Passer d'objet à sujet
Bien sûr, le succès des manifestations biélorusses ne peut être attribué aux seules technologies de l’information. Il résulte avant tout de problématiques sociales et politiques qui sont nées pendant le régime totalitaire de Loukachenko, plus particulièrement durant la dernière campagne présidentielle. En outre, nous ne connaissons pas encore l’issue politique des évènements actuels. Ce qui se passe qu Belarus reste pour autant un exemple majeur pour illustrer comment les technologies de l’information peuvent permettre de transformer une crise politique en une opportunité de changement politique, malgré la nature instable des « actions connectées ».

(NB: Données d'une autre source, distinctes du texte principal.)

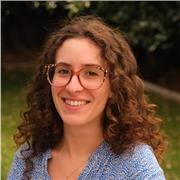 Cours de sciences politiques, sciences sociales, histoire, culture générale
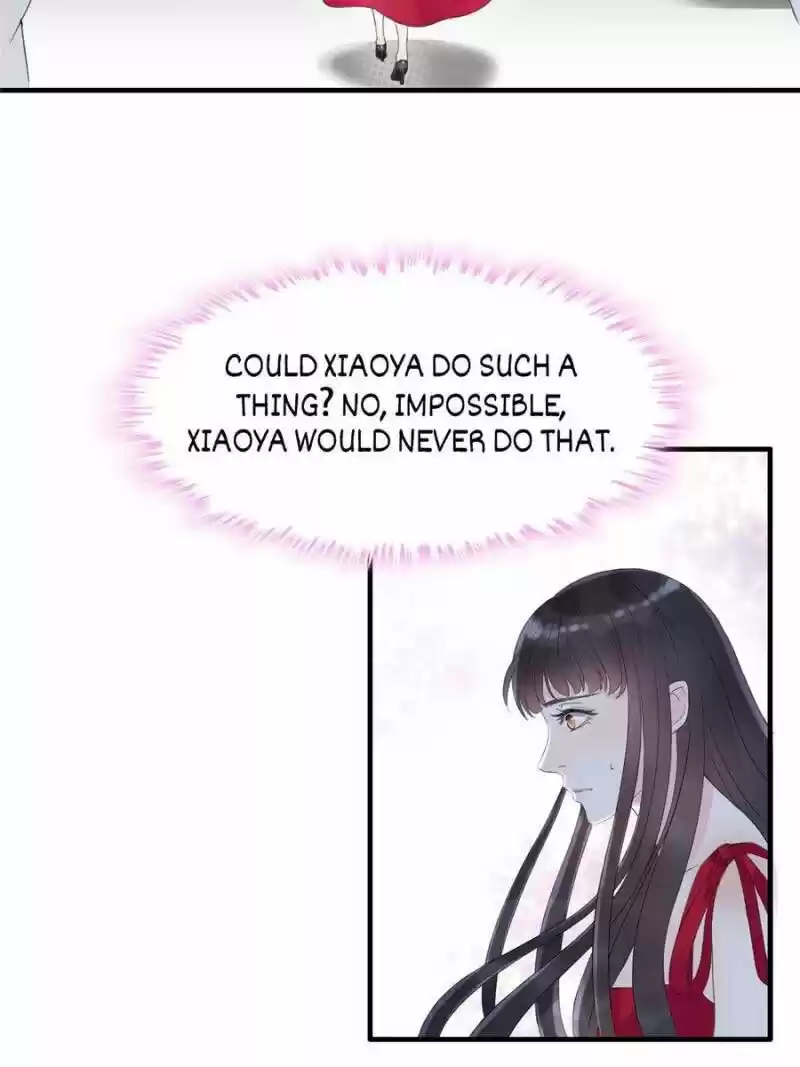 The Boss Shotgun Wedding Chapter 2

Je voudrais évoquer ici le paradoxe décrit par les frères Strougatsky et brillamment mis à l’écran par le réalisateur Andreï Tarkovsky dans son film Stalker. Lorqu’ils pénètrent « La Zone », les personnages principaux se retrouvent très loin de « La Chambre ». Cependant le chemin le plus direct qui relie les deux endroits n’est pas le plus court. C’est la même chose en ce qui concerne les manifestations : si elle avait pénétré la place publique directement, la foule se serait peut-être retrouvée dans le piège décrit par Zeynep Tufekci. La foule aurait pu ne jamais arriver au stade d’une mobilisation de masse, perdre son énergie et disparaître avant même d’accomplir ses objectifs politiques. Le « chemin vers la place publique » qu’ont emprunté les Biélorusses les a aidés à éviter ce piège – même si le prix à payer est tragique.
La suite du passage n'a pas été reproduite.